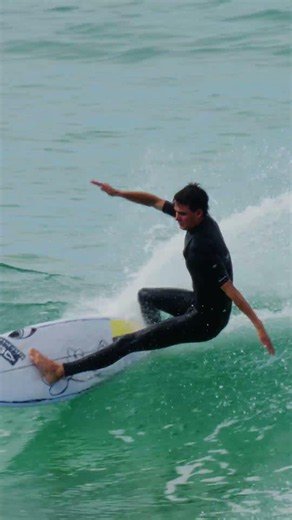 Grovel King | Dakoda Walters #sharpeyesurfboards Disco II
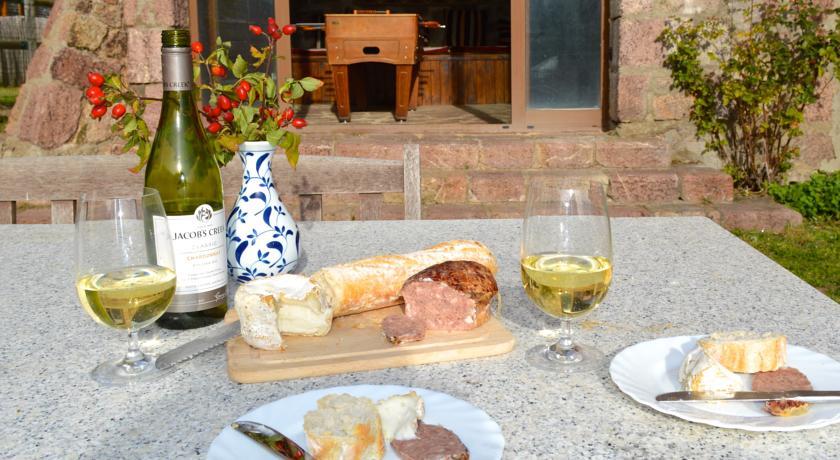 Апартаменты Holiday home Cau La molina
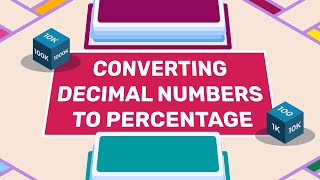 Decimal to Percentage: Mastering This Conversion Will Get You Far!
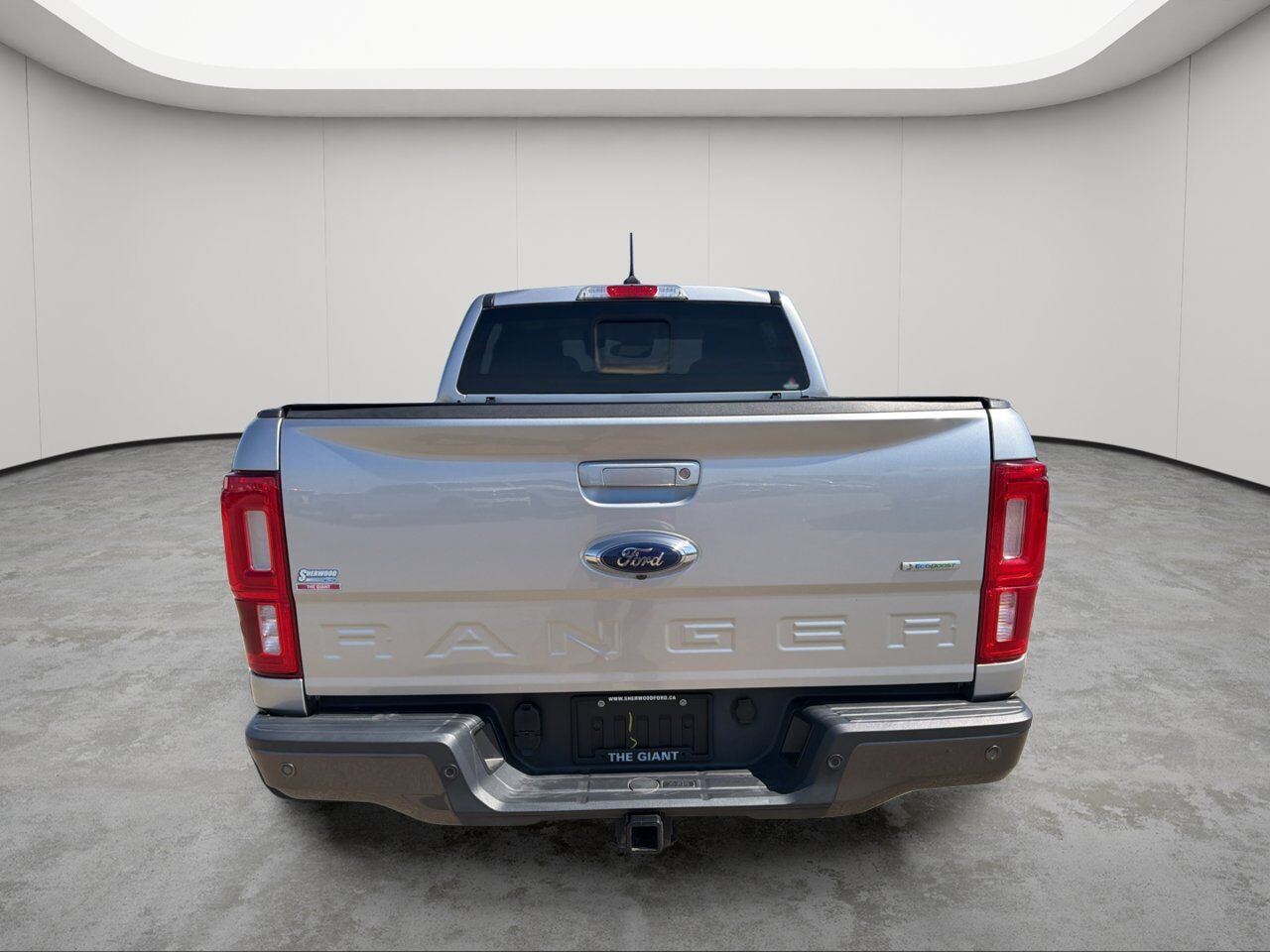 2020 Ford Ranger Lariat Sherwood Park AB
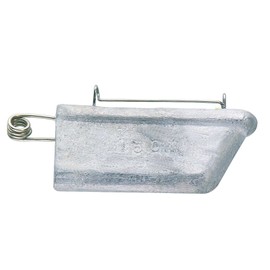 JENZI Schleppblei 'Fast Change' 200 g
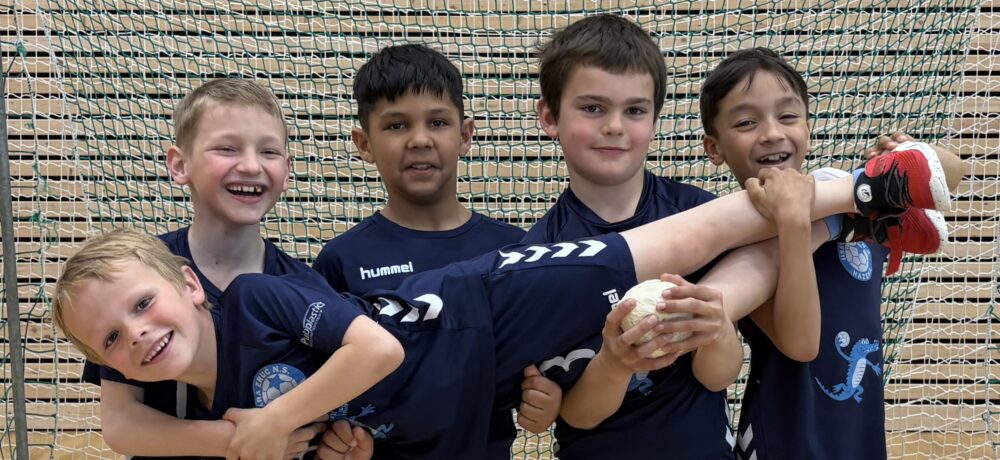 Turnaj minižáků 5+1 v Úvalech – neděle 16.11.2025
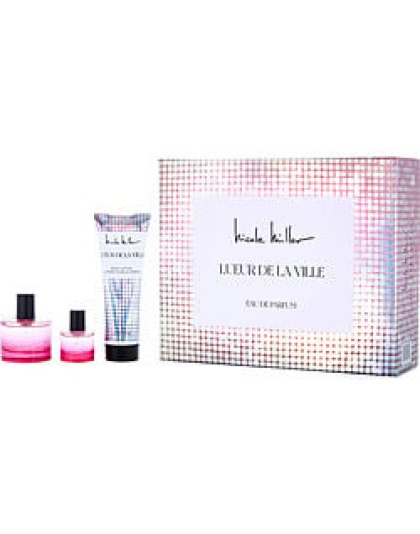 NICOLE MILLER LUEUR DE LA VILLE by Nicole Miller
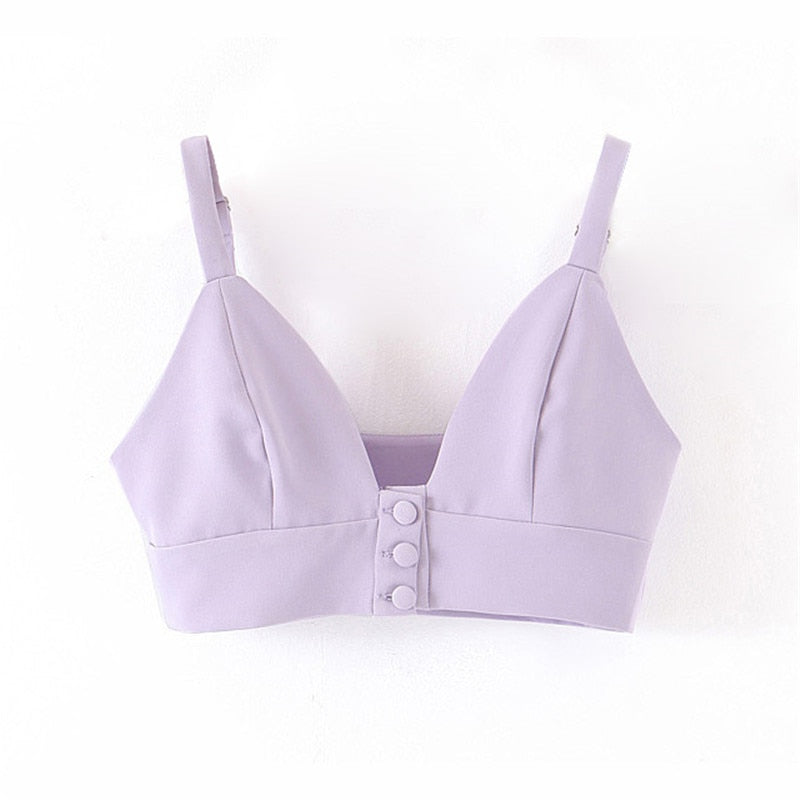 Ruta Crop Top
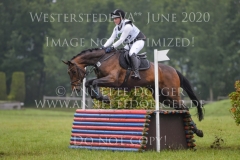 Voila Esprit Anneke LANGELAGE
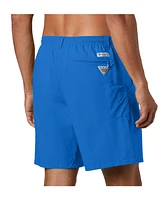 Columbia Men's 8" Back Cast Iii Upf 50 Water Short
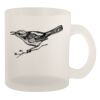 10oz Frosted Mug Thumbnail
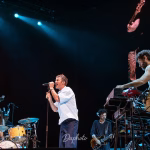 Vetusta Morla vuelve a Valencia con canciones nuevas y un mensaje de libertad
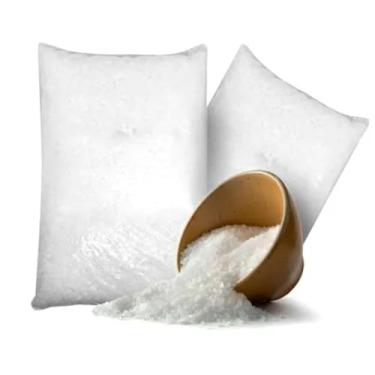 Imagem de Parafina Granulada Lentilhada 1KG Pronta Para o Uso Velas e Aromatizantes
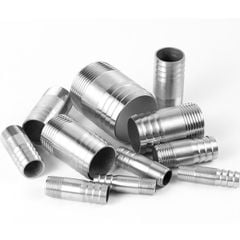 Nối Nhanh Đuôi Chuột Bằng Thép Không Gỉ 201-304-316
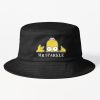 Mr Sparkle Mr Sparkle Mr Sparkle Bucket Hat Official The Simpsons Merch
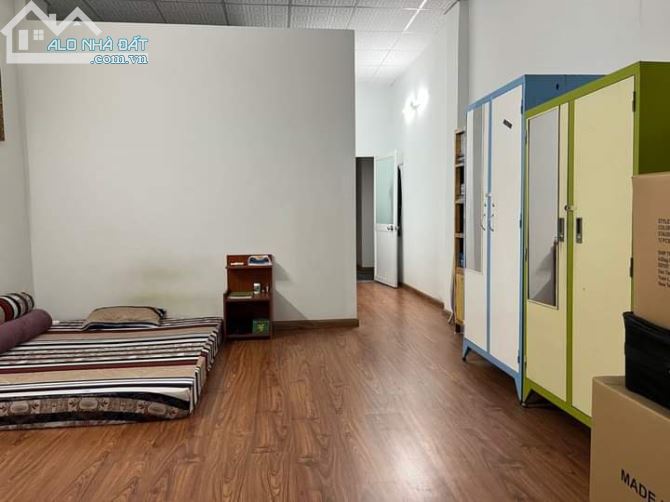 CHỦ BÁN GẤP ĐỂ ĐI ĐỊNH CƯ   HXH THÔNG NGUYỄN KIỆM  - SỔ NỞ HẬU  - 55M2 - 2 TẦNG - NHỈNH 5 - 3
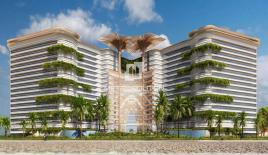 Апартаменты за 739 866 евро в Рас-эль-Хайме, ОАЭ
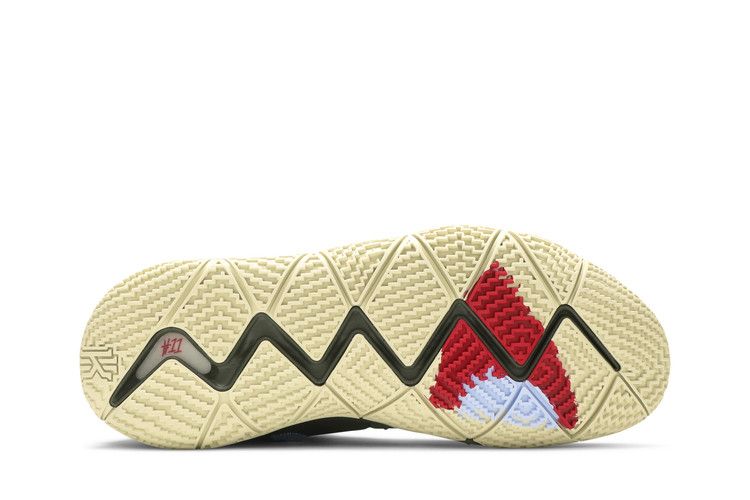 Nike Kybrid S2 'What The Camo'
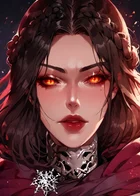 Обложка — The Elder Scrolls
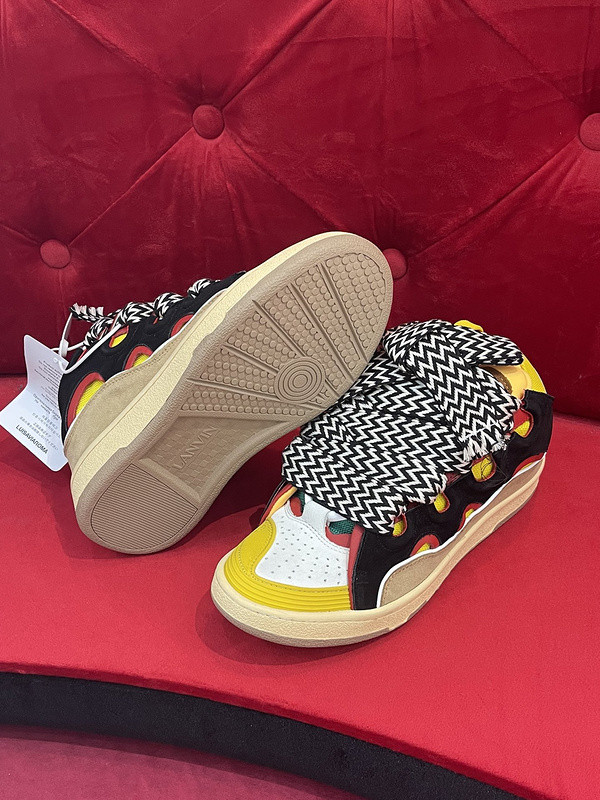 LANVIN SNEAKER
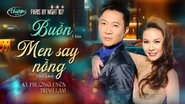 PBN107-LKBuon&MenSayNong.jpg (161 kB) Liên khúc Buồn & Men Say Nồng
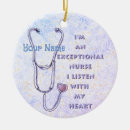 Pesquisar por estetoscópio ornamentos Enfermeira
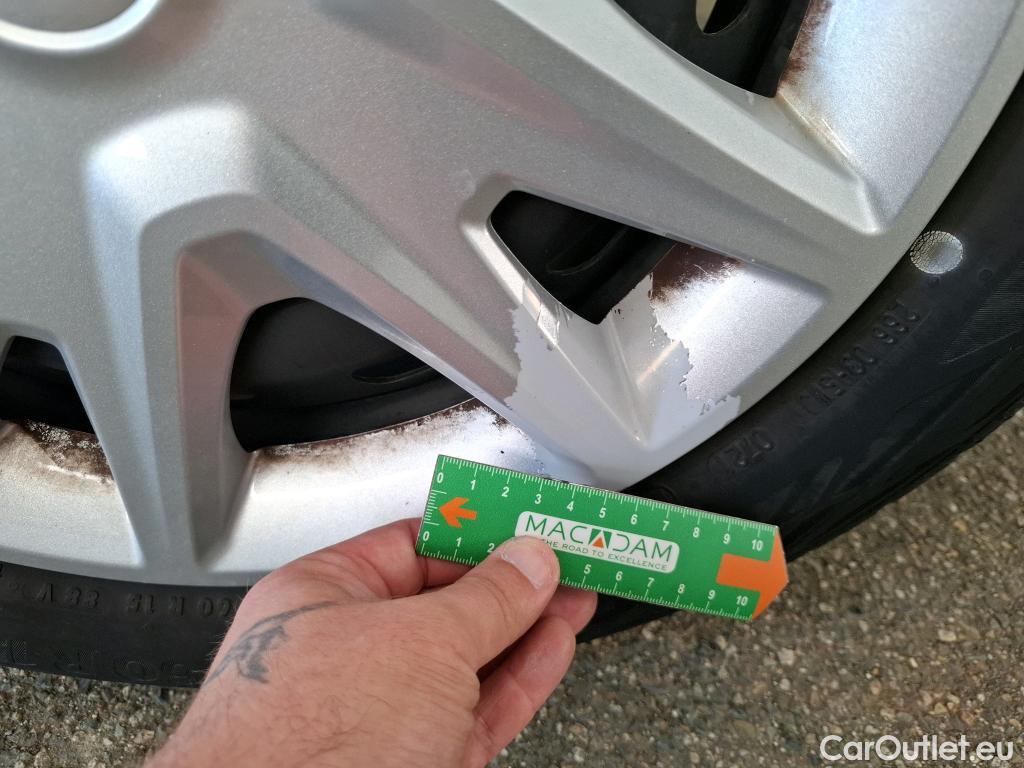  Ford  Fiesta  Cool&Connect 1.1 75CV BVM5 E6d #22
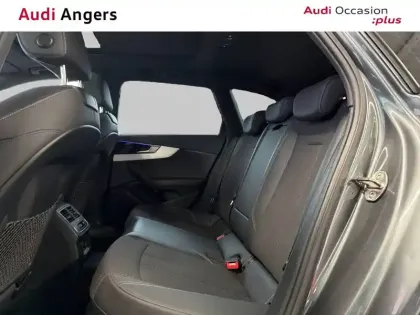 Photo 10 Audi A4  Avant 35 TDI 163 S tronic 7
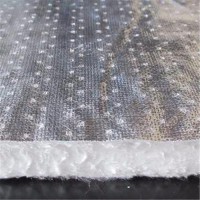 東鼎電梯井針刺氈廠家，防火降噪針刺氈，廠家施工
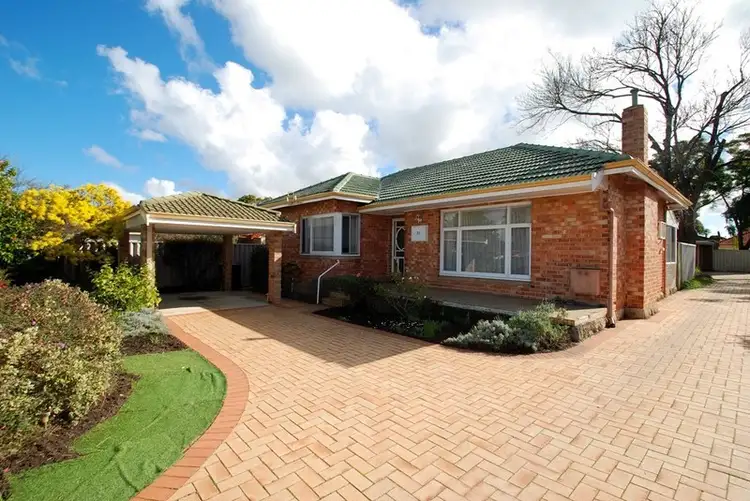 71 Leach Highway, Wilson WA 6107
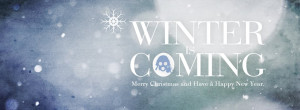 Game Of Thrones Winter Is Coming Facebook Cover (19)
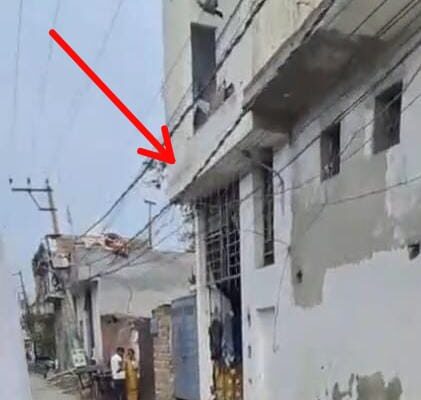 ਬਸਤੀ ਬਾਵਾ ਖੇਲ ’ਚ ਚਿੱਟੀ ਕੋਠੀ ਦੇ ਅੰਦਰ ਚੱਲ ਰਿਹਾ ਦੇਹ ਵਪਾਰ? ਪੁਲਿਸ ਦੀ ਚੁੱਪੀ ’ਤੇ ਗੰਭੀਰ ਸਵਾਲ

> [TASK DESCRIPTION] Give back exactly, and only, the lines from the one holding "2020 Ford Ranger Lariat Sherwood Park AB" through the last line of the entries, with every picture omitted.

> [FINISHED EXERCISE]
 2020 Ford Ranger Lariat Sherwood Park AB
 JENZI Schleppblei 'Fast Change' 200 g
 Turnaj minižáků 5+1 v Úvalech – neděle 16.11.2025
 NICOLE MILLER LUEUR DE LA VILLE by Nicole Miller
 Ruta Crop Top
 Voila Esprit Anneke LANGELAGE
 Columbia Men's 8" Back Cast Iii Upf 50 Water Short
 10oz Frosted Mug Thumbnail
 Vetusta Morla vuelve a Valencia con canciones nuevas y un mensaje de libertad
 Imagem de Parafina Granulada Lentilhada 1KG Pronta Para o Uso Velas e Aromatizantes
 Nối Nhanh Đuôi Chuột Bằng Thép Không Gỉ 201-304-316
 Mr Sparkle Mr Sparkle Mr Sparkle Bucket Hat Official The Simpsons Merch
 CHỦ BÁN GẤP ĐỂ ĐI ĐỊNH CƯ   HXH THÔNG NGUYỄN KIỆM  - SỔ NỞ HẬU  - 55M2 - 2 TẦNG - NHỈNH 5 - 3
 Апартаменты за 739 866 евро в Рас-эль-Хайме, ОАЭ
 Nike Kybrid S2 'What The Camo'
 Обложка — The Elder Scrolls
 LANVIN SNEAKER
 PBN107-LKBuon&MenSayNong.jpg (161 kB) Liên khúc Buồn & Men Say Nồng
 Pesquisar por estetoscópio ornamentos Enfermeira
  Ford  Fiesta  Cool&Connect 1.1 75CV BVM5 E6d #22
 Photo 10 Audi A4  Avant 35 TDI 163 S tronic 7
 東鼎電梯井針刺氈廠家，防火降噪針刺氈，廠家施工
 71 Leach Highway, Wilson WA 6107
 Game Of Thrones Winter Is Coming Facebook Cover (19)
 ਬਸਤੀ ਬਾਵਾ ਖੇਲ ’ਚ ਚਿੱਟੀ ਕੋਠੀ ਦੇ ਅੰਦਰ ਚੱਲ ਰਿਹਾ ਦੇਹ ਵਪਾਰ? ਪੁਲਿਸ ਦੀ ਚੁੱਪੀ ’ਤੇ ਗੰਭੀਰ ਸਵਾਲ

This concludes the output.